Member of the Assembly of the Republic
- Incumbent
- Assumed office 25 October 2019
- Constituency: Santarém

Mayor of Rio Maior
- In office 11 October 2009 – 23 August 2019
- Preceded by: Silvino Sequeira
- Succeeded by: Luís Filipe Dias

Personal details
- Born: Isaura Maria Elias Crisóstomo 19 June 1966 (age 60) Rio Maior, Santarém District, Portugal
- Party: Social Democratic Party
- Spouse: António Bernardino Morais (died 1999)
- Children: 1

= Isaura Morais =

Portuguese politician

Isaura Maria Elias Crisóstomo Bernardino Morais (born 19 June 1966) is a Portuguese politician. She is a member of the centre-right Social Democratic Party (PSD), Morais was elected to the Assembly of the Republic in 2019 as a representative of the Santarém constituency and re-elected in January 2022 and March 2024.

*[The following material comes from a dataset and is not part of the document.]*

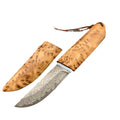 White shadow short knife with Damascus pattern VG10 steel blade and Thuja wood handle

She is a domestic violence survivor.

==Early life and education==
Isaura Maria Elias Crisóstomo Bernardino Morais was born on 19 June 1966 in Rio Maior in Portugal. Her parents were farmers. She graduated in human resources management.

==Career==
Morais was married to António José Bernardino Morais, an engineer, who died of leukemia in 1999. They had one daughter. After his death, she went to night school to do post-graduate studies in marketing management and began her professional life in the field of graphic arts. Her husband had been a PSD councillor for the municipality of Rio Maior and in 2001 she also decided to join the party and was elected president of the Rio Maior parish council. In 2009, she was elected president of the Rio Maior municipality with 49.21% of the votes, the first defeat for the Portuguese Socialist Party in Rio Maior for 24 years. She held this post until 2019.

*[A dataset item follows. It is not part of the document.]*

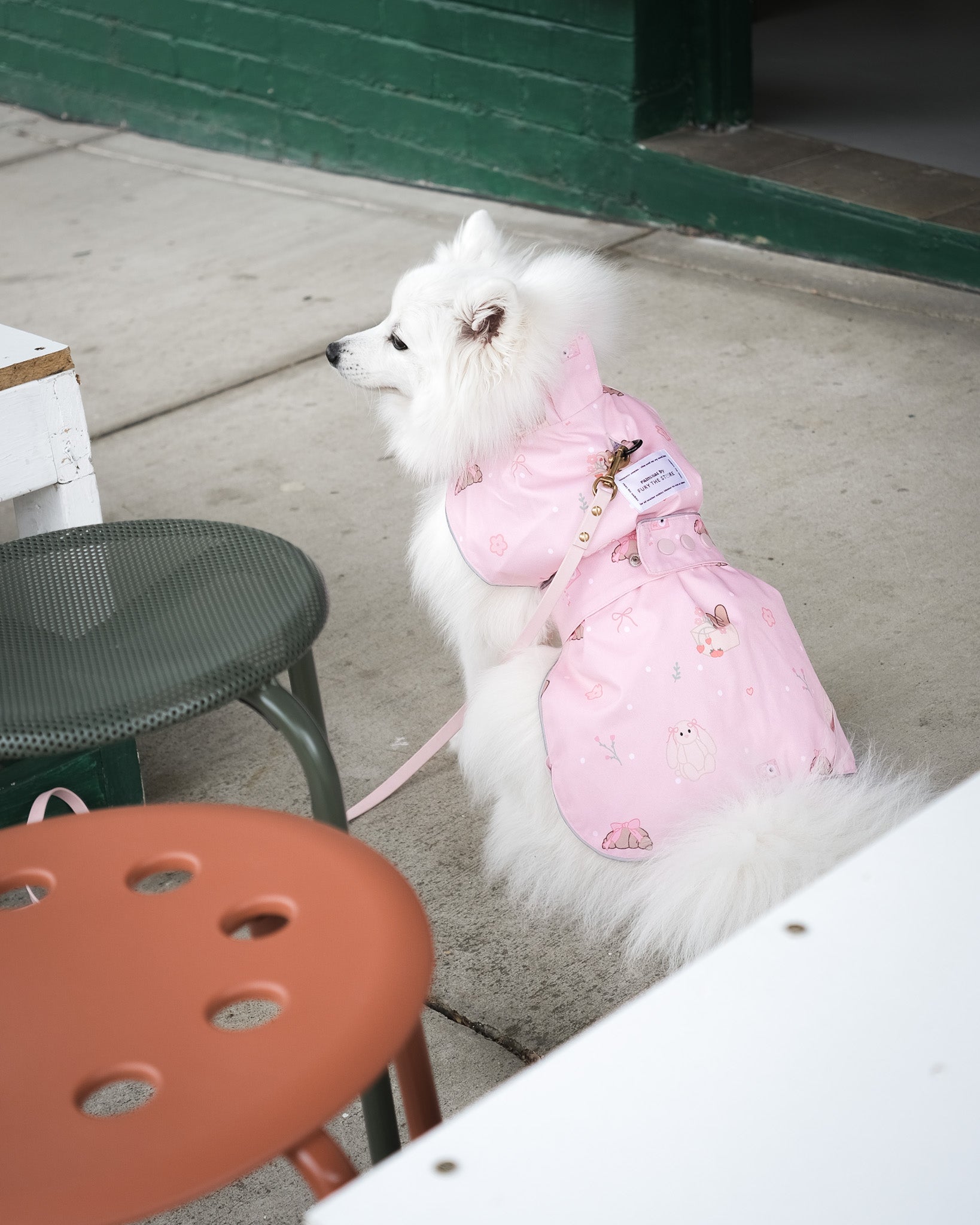 the good girl reversible raincoat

In 2019 she was invited to head the PSD list for the Santarém constituency in the national election. She accepted as, after three terms, it would not have been possible for her to stay on the municipal council, and was duly elected to the Assembly of the Republic. In Parliament, she chaired the parliamentary committee on Public Administration, Administrative Modernization, Decentralization and Local Power. She also served as a vice-president of the National Political Commission of the PSD. In the 2022 election she was again first on the PSD list, with the party winning three of the nine seats available in the constituency. In 2024 she was re-elected as the third-choice candidate of the Democratic Alliance.

After being chosen in March 2013 to be part of the Portuguese Sports Foundation's executive committee for the management of high-performance centres, to represent municipalities with such centres, in December of the same year Morais was appointed to be a member of the National Sports Council (Conselho Nacional do Desporto), joining famous Portuguese sports people such as the Olympic marathon winners, Carlos Lopes and Rosa Mota, and the racing driver, Pedro Couceiro. Her appointment was seen as a recognition of her contribution to the achievements of Rio Maior in promoting sports and supporting national sporting teams.

==Personal life==
In 2010 Morais filed a complaint to the police regarding abuse she received at the hands of her partner. Her decision to go to the police after enduring abuse for some time was widely applauded.